Even though the speakers included a movie star and three bestselling authors whose books have sold a grand total of 146 million copies, it was the readers for whom they write that took center stage at yesterday morning’s Children’s Book and Author Breakfast.

“I am thrilled to become a part of this community,” Octavia Spencer, the event’s emcee, told the packed room full of booksellers, publishers, young bloggers, and media. “You all are the rock stars of books.” Spencer, who won an Oscar for her role as Minny in The Help, disclosed that, as a child she was a “fan of children’s books,” especially of historical fiction classics and junior sleuth series. "There's something about the books you read as a child that gives in to magic," she said.

More recently, she’s become a fan of kung fu movies. “These elements came together,” she explained, in writing The Case of the Time-Capsule Bandit (S&S, Oct.), the first novel in her Randi Rhodes: Ninja Detective middle-grade series about three children who use their wits and martial arts skills to solve mysteries. Explaining that diversity in stories “is essential” to her, Spencer noted that the series features a Latino boy who wears hearing aids, an African-American boy, and “Randi herself, [who] is a redhead, a minority in her own way.”

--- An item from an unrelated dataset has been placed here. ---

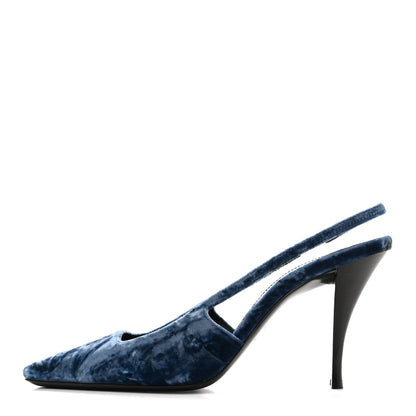 Saint Laurent Velvet Women's Tom 90 Dream Slingback Pumps 37.5 Denim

She is committed to demonstrating to children "how alike" humans all are. "Best friends," she noted, "don't have to look alike to love each other." Storytelling, she said, "is an incredibly important part of the human experience. We grow, we learn to empathize through storytelling."

“What joy it is to write for seven- and eight-year-olds,” declared Mary Pope Osborne, who was at BEA to promote her 50th Magic Tree House novel, Hurry Up, Houdini! (Random House, July). “There’s nothing sweeter, more authentic,” she added. To prove it, she read some of her favorite letters from young fans, praising her writing, making suggestions for future novels, even sending her gifts, including food. There are also children who write her asking her for books they can’t afford to buy.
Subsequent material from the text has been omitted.